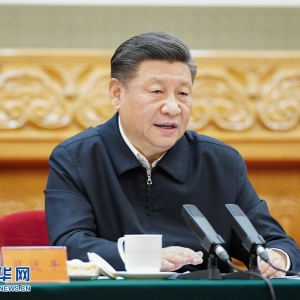 黨中央的決心有多大？看習(xí)近平這10段話！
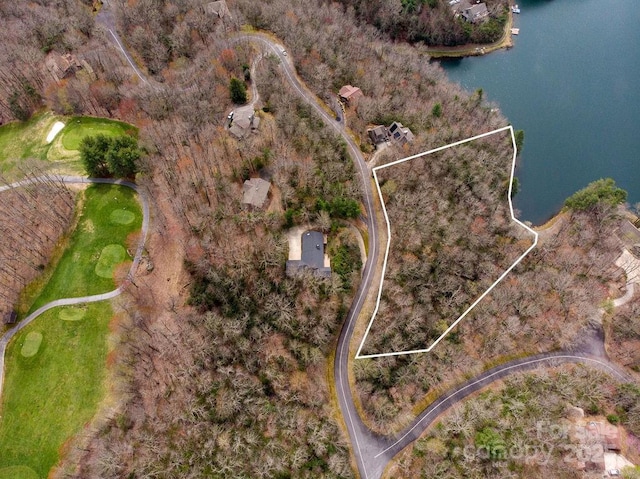 TBD Agaliha Lane, Brevard, NC 28712 - photo 6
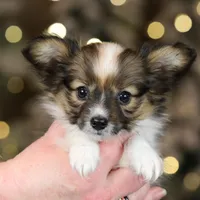 Shasta, a female Papillon for sale in Youngstown, OH – Photo 2 of 7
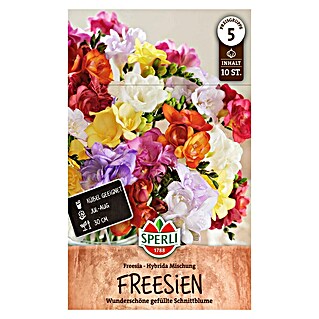 Sperli Bloembollen (Freesia x Hybrida, 10 st.)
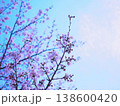 青空に映える河津桜 138600420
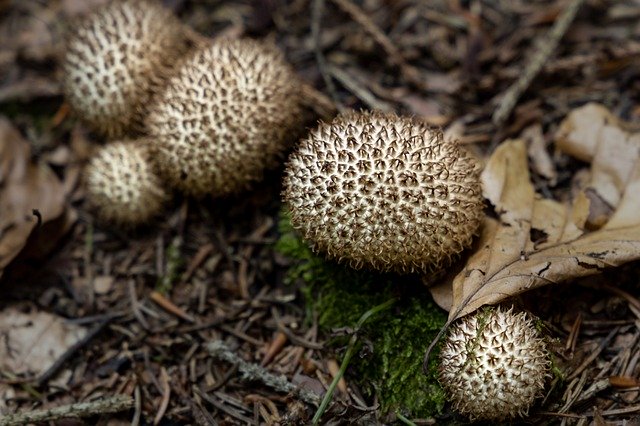 Kostenloser Download Mushroom Forest Nature Close - kostenloses Foto oder Bild zur Bearbeitung mit GIMP Online-Bildbearbeitung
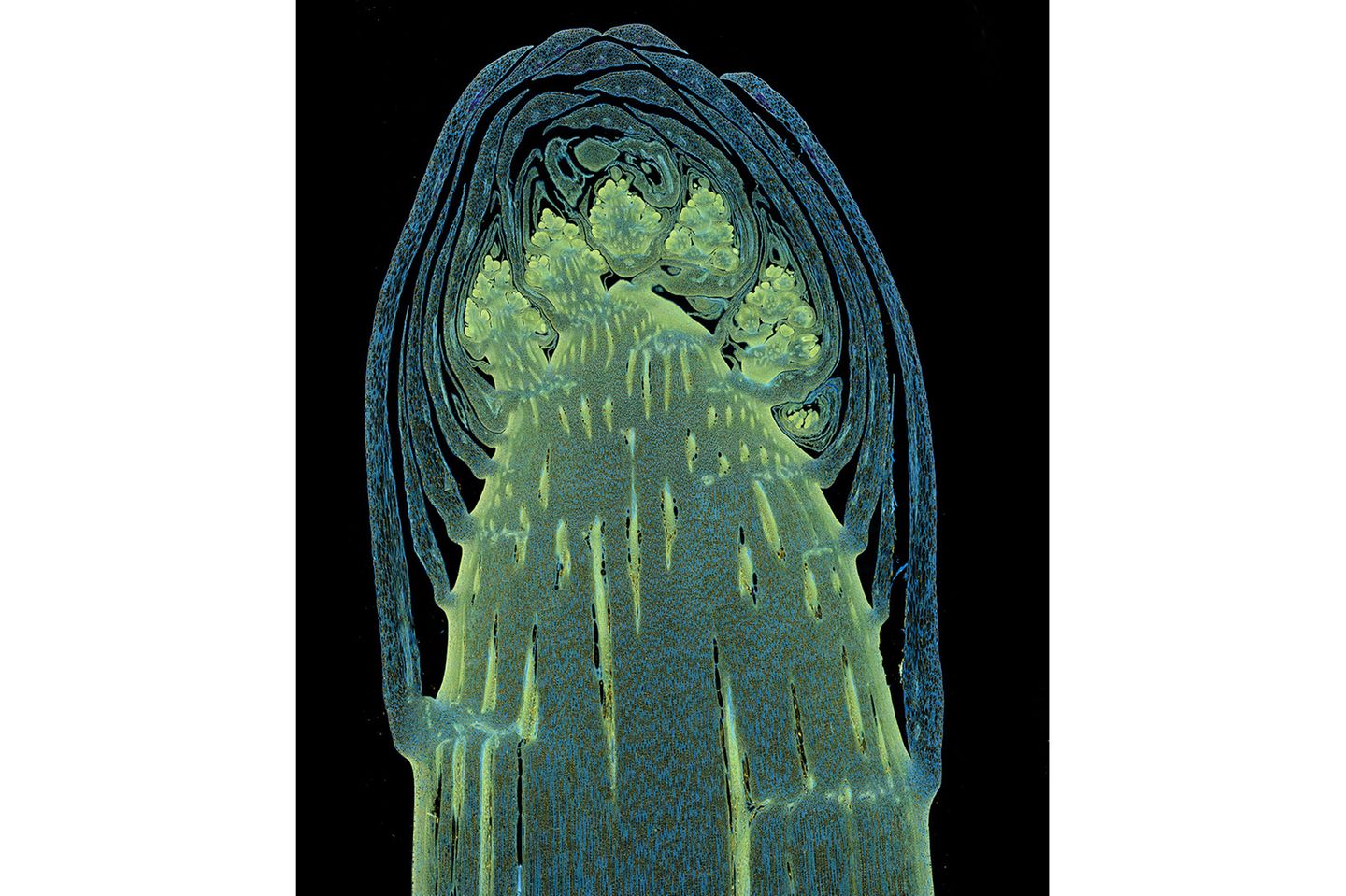16th Place    Dr. Olivier Leroux    Ghent University    Department of Biology & Department of Plants and Crops    Ghent, Oost-Vlaanderen, Belgium    Longitudinal section through a white asparagus shoot tip    Fluorescence    10X (Objective Lens Magnification)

Work to complete - A word-for-word copy of the lines from the one with "Sperli Bloembollen (Freesia" through the last line of the data above is required, with both end lines included and no pictures.

Reply to the task -
 Sperli Bloembollen (Freesia x Hybrida, 10 st.)
 青空に映える河津桜 138600420
 Kostenloser Download Mushroom Forest Nature Close - kostenloses Foto oder Bild zur Bearbeitung mit GIMP Online-Bildbearbeitung
16th Place    Dr. Olivier Leroux    Ghent University    Department of Biology & Department of Plants and Crops    Ghent, Oost-Vlaanderen, Belgium    Longitudinal section through a white asparagus shoot tip    Fluorescence    10X (Objective Lens Magnification)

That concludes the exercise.